→ Exercise instructions:
Taking the listing below, restate word for word each line from the line with "This is how" to the line with "A similar arrangement", ends included, and stop there.

→ Input data:
------------------------------------

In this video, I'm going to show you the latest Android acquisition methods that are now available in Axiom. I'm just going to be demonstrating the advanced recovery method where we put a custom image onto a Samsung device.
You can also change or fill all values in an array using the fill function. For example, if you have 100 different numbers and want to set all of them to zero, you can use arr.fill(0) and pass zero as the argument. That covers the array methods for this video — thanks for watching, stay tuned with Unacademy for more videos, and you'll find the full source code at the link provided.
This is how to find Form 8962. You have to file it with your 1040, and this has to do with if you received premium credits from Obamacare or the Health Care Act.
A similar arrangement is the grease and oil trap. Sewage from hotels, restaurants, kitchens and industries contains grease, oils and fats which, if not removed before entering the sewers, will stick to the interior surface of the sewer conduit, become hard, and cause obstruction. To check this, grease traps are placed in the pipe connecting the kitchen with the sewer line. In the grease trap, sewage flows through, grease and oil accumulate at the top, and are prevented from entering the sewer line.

------------------------------------

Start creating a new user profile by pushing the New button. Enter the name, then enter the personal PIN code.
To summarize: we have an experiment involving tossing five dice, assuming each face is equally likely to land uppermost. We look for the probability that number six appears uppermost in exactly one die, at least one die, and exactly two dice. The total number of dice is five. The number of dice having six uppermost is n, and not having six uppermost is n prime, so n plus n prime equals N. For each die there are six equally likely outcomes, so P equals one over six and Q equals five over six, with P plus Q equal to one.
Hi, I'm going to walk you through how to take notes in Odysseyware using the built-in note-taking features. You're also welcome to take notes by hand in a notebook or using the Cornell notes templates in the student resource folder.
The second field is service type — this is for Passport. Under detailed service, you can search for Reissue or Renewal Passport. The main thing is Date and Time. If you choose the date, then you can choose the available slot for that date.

------------------------------------

→ Your response:
This is how to find Form 8962. You have to file it with your 1040, and this has to do with if you received premium credits from Obamacare or the Health Care Act.
A similar arrangement is the grease and oil trap. Sewage from hotels, restaurants, kitchens and industries contains grease, oils and fats which, if not removed before entering the sewers, will stick to the interior surface of the sewer conduit, become hard, and cause obstruction. To check this, grease traps are placed in the pipe connecting the kitchen with the sewer line. In the grease trap, sewage flows through, grease and oil accumulate at the top, and are prevented from entering the sewer line.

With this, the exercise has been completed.